The other day, I heard someone talking about just wanting their child to be a “normal, happy child”. I got stuck on that term “normal”. What is a “normal” child? Is the kid who sits still in school all day and pays attention normal and happy? What about the one itching to get outside and returns home covered in mud after chasing frogs all afternoon?
I never felt that either my LW (Lovely Wife) or I came from “normal” families. We both had parents who were curious about the world, took classes when others were in the workforce, started and ran businesses. And then, at a time in life when they should be settling in with all of the neighbors, both sets pulled up roots and moved…BIG moves. That certainly can’t be normal, is it?

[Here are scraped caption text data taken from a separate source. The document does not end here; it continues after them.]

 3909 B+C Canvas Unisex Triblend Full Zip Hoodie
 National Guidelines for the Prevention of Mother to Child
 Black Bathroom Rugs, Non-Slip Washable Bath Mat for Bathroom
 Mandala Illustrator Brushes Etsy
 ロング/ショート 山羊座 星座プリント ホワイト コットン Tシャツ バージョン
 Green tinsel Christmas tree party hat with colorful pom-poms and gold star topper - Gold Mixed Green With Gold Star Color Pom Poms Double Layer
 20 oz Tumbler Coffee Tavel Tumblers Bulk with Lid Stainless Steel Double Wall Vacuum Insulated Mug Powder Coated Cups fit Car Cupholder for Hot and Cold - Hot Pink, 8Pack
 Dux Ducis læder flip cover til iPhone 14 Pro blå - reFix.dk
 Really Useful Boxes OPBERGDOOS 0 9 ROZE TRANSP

My brother and I had a happy childhood, but was it normal? His idea of fun was playing football and tennis and basketball. He would head off of a summer day and come back late having exhausted himself physically. He seemed happy (until the teen years when we were both miserable wrecks, but that is a story for another day) and pretty normal, I should think. I liked to read and swim. There was always a book in close proximity to me and a great hang out was the library. I had plenty of friends who shared these past times with me, so I never felt abnormal. And I was happy.
So when The Boy has friends over and I find them reading in his room, or playing games on different devices, I do not think it is too strange. The interaction may not be direct, but they are happy. Should they be constantly outside playing football? What level books should he be reading? He started reading at the age of three, should I worry about that being normal?

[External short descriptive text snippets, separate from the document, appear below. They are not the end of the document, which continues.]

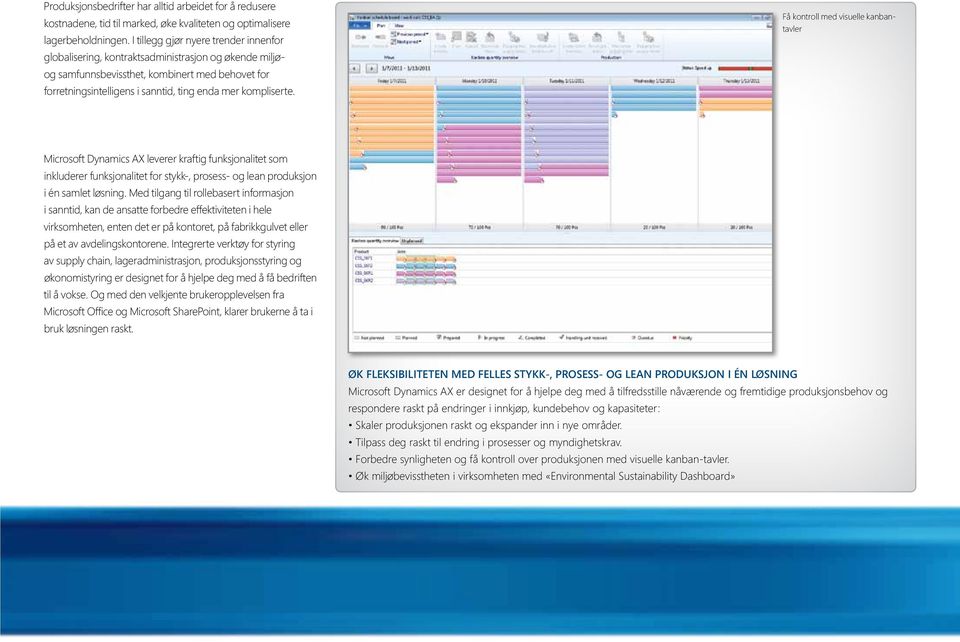 kompliserte. Få kontroll med visuelle kanbantavler Microsoft Dynamics AX leverer kraftig funksjonalitet som inkluderer funksjonalitet for stykk-, prosess- og lean produksjon i én samlet løsning.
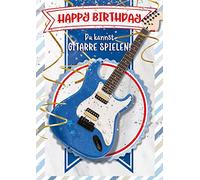 bentino Biglietto di auguri di compleanno per ragazzi con "chitarra" da suonare, giocare sulla chitarra la canzone "Happy Birthday", set DIN A4 con busta, biglietto di auguri con musica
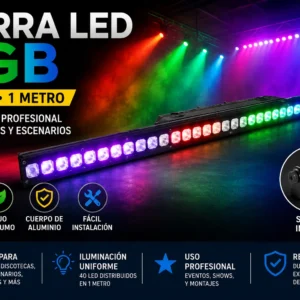 Barra LED RGB de 40 LED y 1 metro fabricada en aluminio para escenarios, fiestas, discotecas y eventos en Chile.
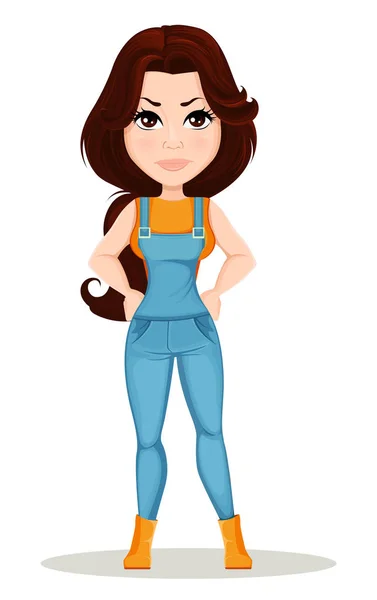 Menina agricultor vestida de macacão de trabalho. Personagem de desenho animado bonito mostrando raiva. Usável para animação, como elemento de design e em qualquer projeto relacionado a fazenda. Desmontada sobre as camadas. Vetor — Vetor de Stock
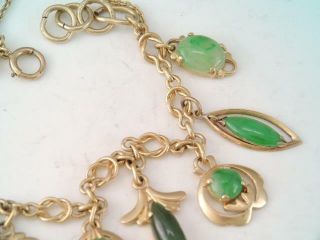 RARE VINTAGE SOLID 14K GOLD GREEN JADE CHARM BRACELET 10 JADE CHARMS LOOK 3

The society has a path for normal. It includes school and work and responsibility, all things I want for my son and our family. But I have never felt that it has to be on the schedule allotted. We were never concerned that he was reading early, why should we be concerned that he does other things late?
I’ve heard it said that kids grow up despite their parents. All we can do is open opportunities, encourage investigation and discovery, and the boy will turn out okay.